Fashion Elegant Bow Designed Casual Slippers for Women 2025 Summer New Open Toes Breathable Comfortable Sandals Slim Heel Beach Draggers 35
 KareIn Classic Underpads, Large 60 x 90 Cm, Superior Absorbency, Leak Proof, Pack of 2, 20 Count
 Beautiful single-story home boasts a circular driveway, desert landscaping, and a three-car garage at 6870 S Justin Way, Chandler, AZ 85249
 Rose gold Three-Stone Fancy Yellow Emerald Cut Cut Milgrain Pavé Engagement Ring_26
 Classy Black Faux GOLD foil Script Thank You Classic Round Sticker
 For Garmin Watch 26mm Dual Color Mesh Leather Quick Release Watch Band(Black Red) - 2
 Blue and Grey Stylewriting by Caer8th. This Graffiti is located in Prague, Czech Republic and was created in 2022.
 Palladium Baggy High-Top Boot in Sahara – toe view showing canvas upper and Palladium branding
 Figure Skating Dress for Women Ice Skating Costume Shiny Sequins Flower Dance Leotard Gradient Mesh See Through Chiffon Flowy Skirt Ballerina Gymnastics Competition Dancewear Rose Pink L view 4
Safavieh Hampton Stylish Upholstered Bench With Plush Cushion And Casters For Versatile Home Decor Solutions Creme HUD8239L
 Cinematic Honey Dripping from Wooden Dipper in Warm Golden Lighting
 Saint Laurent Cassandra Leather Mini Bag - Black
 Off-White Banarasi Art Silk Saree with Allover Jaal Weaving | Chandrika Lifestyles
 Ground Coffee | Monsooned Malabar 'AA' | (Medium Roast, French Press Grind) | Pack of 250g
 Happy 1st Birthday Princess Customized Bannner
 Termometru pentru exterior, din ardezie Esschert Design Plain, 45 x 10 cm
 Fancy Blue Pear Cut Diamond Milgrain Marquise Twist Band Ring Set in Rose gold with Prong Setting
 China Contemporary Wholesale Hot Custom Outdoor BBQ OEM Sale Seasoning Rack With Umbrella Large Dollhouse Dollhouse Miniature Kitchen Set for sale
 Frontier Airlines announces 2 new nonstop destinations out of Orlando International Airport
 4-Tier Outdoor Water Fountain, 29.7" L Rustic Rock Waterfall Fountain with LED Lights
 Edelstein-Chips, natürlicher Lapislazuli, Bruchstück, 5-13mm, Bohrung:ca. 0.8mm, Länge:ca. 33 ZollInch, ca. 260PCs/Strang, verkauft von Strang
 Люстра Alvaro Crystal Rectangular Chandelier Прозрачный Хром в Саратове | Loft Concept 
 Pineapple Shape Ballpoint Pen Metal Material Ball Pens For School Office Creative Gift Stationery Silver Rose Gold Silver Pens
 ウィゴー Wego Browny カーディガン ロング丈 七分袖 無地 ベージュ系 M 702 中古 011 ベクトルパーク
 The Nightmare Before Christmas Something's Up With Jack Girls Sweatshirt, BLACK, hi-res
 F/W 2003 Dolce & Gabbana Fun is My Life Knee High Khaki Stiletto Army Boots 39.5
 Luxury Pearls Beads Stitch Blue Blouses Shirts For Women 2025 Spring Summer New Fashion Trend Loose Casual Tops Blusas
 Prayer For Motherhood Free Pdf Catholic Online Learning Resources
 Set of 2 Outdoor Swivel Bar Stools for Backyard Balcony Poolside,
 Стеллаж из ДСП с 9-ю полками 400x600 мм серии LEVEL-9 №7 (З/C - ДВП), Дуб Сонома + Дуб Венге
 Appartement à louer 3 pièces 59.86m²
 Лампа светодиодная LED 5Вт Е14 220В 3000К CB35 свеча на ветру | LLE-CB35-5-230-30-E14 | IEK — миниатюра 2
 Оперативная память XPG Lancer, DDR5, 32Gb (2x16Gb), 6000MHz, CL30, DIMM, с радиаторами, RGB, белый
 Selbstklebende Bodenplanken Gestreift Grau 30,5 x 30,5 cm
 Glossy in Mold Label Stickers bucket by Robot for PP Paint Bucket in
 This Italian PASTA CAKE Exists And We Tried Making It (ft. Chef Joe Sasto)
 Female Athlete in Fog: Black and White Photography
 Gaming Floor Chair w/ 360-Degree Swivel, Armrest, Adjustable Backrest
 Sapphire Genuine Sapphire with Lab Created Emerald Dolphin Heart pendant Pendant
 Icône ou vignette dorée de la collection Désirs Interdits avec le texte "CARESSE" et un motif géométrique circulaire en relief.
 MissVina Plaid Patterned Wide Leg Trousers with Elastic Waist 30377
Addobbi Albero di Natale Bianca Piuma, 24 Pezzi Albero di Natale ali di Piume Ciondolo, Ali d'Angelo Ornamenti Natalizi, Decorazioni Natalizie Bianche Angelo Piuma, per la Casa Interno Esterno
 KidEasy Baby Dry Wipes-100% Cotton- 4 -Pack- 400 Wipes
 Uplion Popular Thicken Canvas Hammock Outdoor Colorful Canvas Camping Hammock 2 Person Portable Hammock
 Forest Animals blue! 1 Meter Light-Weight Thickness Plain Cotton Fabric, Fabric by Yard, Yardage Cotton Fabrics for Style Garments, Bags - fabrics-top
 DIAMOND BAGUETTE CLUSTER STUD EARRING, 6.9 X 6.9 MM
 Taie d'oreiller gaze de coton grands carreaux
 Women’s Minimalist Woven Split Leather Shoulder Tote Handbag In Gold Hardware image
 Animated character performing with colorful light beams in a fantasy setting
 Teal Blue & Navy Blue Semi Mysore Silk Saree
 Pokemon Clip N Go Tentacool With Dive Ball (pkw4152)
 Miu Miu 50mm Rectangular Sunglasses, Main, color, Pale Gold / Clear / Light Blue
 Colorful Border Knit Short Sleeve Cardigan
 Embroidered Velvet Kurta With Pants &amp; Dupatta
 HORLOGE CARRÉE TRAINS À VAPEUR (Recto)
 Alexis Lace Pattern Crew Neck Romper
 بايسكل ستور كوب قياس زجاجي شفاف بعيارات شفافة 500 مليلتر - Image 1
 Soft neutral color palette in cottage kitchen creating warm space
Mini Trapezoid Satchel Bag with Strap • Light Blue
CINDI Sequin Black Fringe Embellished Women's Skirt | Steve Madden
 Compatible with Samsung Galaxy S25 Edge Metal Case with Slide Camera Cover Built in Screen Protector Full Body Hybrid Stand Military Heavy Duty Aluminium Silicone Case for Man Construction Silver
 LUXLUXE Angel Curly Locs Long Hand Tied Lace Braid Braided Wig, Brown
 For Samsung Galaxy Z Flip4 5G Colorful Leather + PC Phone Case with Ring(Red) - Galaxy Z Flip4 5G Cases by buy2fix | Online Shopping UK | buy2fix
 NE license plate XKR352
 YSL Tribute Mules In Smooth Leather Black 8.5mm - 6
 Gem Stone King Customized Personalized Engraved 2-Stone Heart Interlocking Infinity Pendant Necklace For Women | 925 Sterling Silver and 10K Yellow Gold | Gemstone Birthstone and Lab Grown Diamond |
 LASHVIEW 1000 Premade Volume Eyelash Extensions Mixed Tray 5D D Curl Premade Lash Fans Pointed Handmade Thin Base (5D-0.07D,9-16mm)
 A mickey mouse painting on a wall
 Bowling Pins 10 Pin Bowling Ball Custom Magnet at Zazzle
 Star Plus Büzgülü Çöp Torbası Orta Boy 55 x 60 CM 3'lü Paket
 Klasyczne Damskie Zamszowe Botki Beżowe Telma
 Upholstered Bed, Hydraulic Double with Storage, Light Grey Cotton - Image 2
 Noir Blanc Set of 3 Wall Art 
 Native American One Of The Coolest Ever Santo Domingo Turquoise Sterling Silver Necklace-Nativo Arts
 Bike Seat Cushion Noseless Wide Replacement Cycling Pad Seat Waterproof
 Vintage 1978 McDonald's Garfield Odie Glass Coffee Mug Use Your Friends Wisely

════════════════

• Your instructions: When you reach the line that contains "Classy Black Faux", stop; that line and every line before it, from the very first line of the data, should be restated word for word.

• Answer section:
Fashion Elegant Bow Designed Casual Slippers for Women 2025 Summer New Open Toes Breathable Comfortable Sandals Slim Heel Beach Draggers 35
 KareIn Classic Underpads, Large 60 x 90 Cm, Superior Absorbency, Leak Proof, Pack of 2, 20 Count
 Beautiful single-story home boasts a circular driveway, desert landscaping, and a three-car garage at 6870 S Justin Way, Chandler, AZ 85249
 Rose gold Three-Stone Fancy Yellow Emerald Cut Cut Milgrain Pavé Engagement Ring_26
 Classy Black Faux GOLD foil Script Thank You Classic Round Sticker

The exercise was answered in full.